→ WORK REQUEST: Line by line, repeat the data below exactly, beginning at the first line and ending at the line with "New 2026 Subaru". Omit pictures.
--
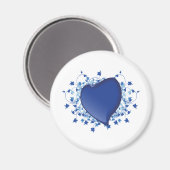 Aimant Coeur bleu (Recto/Verso)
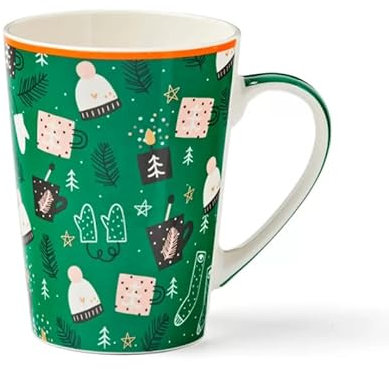 Neavita Warmy Tea Cup Comfort Mug Tazza Maxi in Ceramica Verde Natale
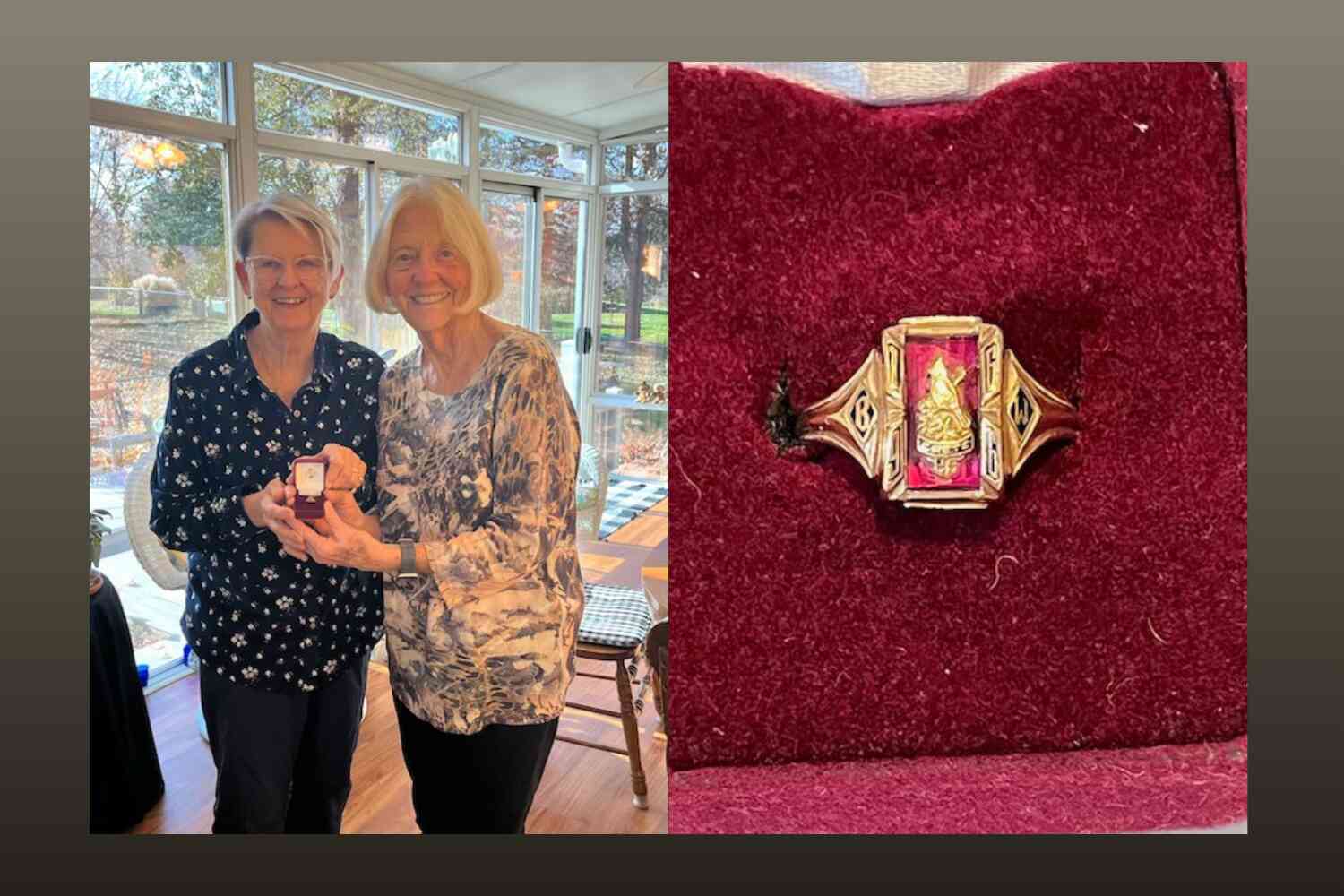 Thumbnail for Nebraska woman's class ring found on New Jersey beach decades after she lost it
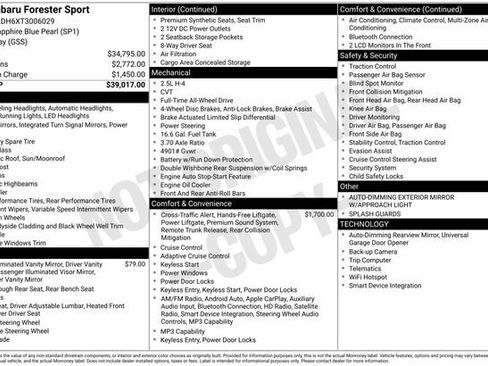 New 2026 Subaru Forester Sport AWD/4WD image 35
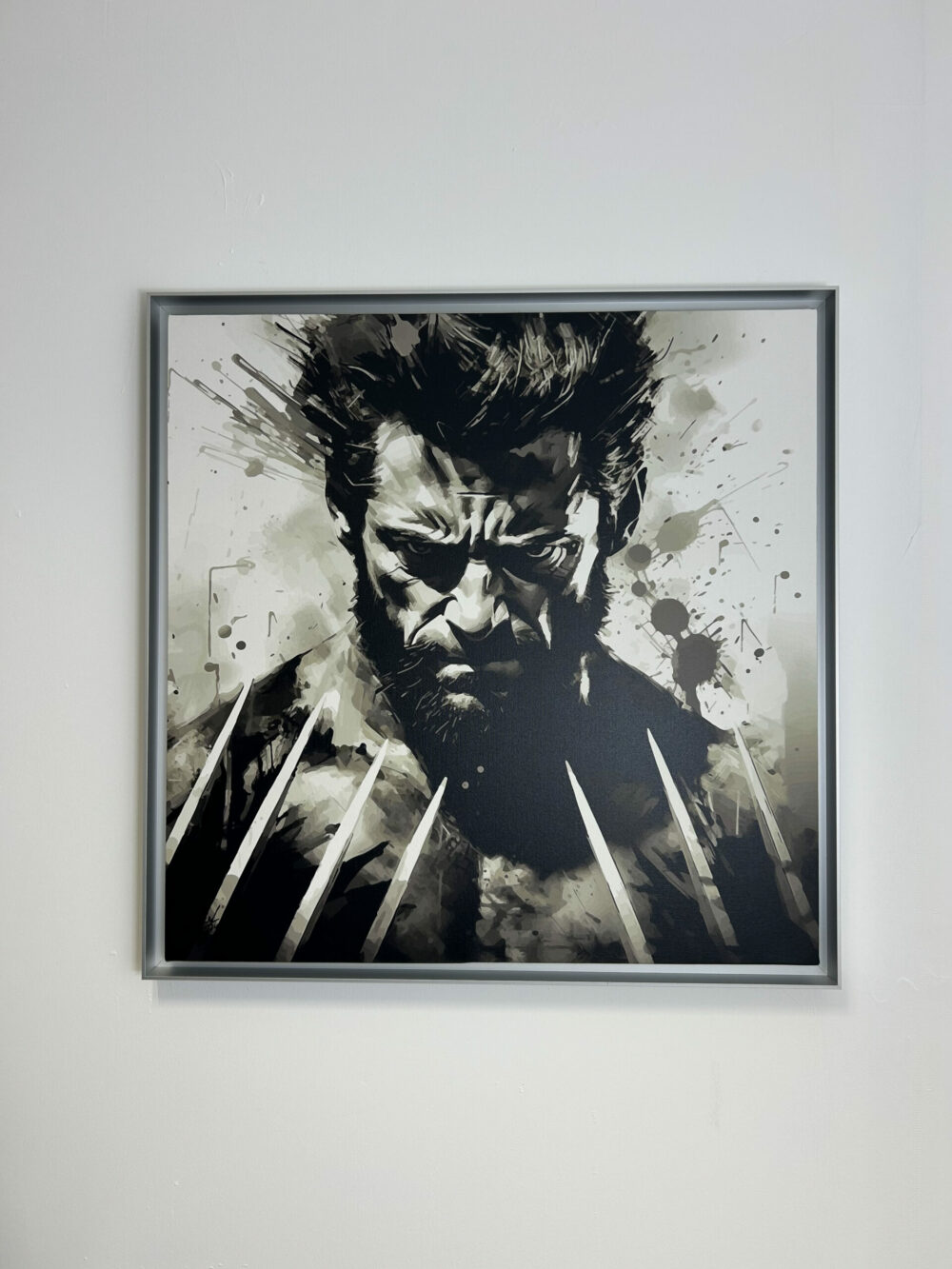 Tableau Wolverine design noir et blanc 70x70 cm ArtHome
--
→ RESULT OF THIS EXERCISE:
 Aimant Coeur bleu (Recto/Verso)
 Neavita Warmy Tea Cup Comfort Mug Tazza Maxi in Ceramica Verde Natale
 Thumbnail for Nebraska woman's class ring found on New Jersey beach decades after she lost it
 New 2026 Subaru Forester Sport AWD/4WD image 35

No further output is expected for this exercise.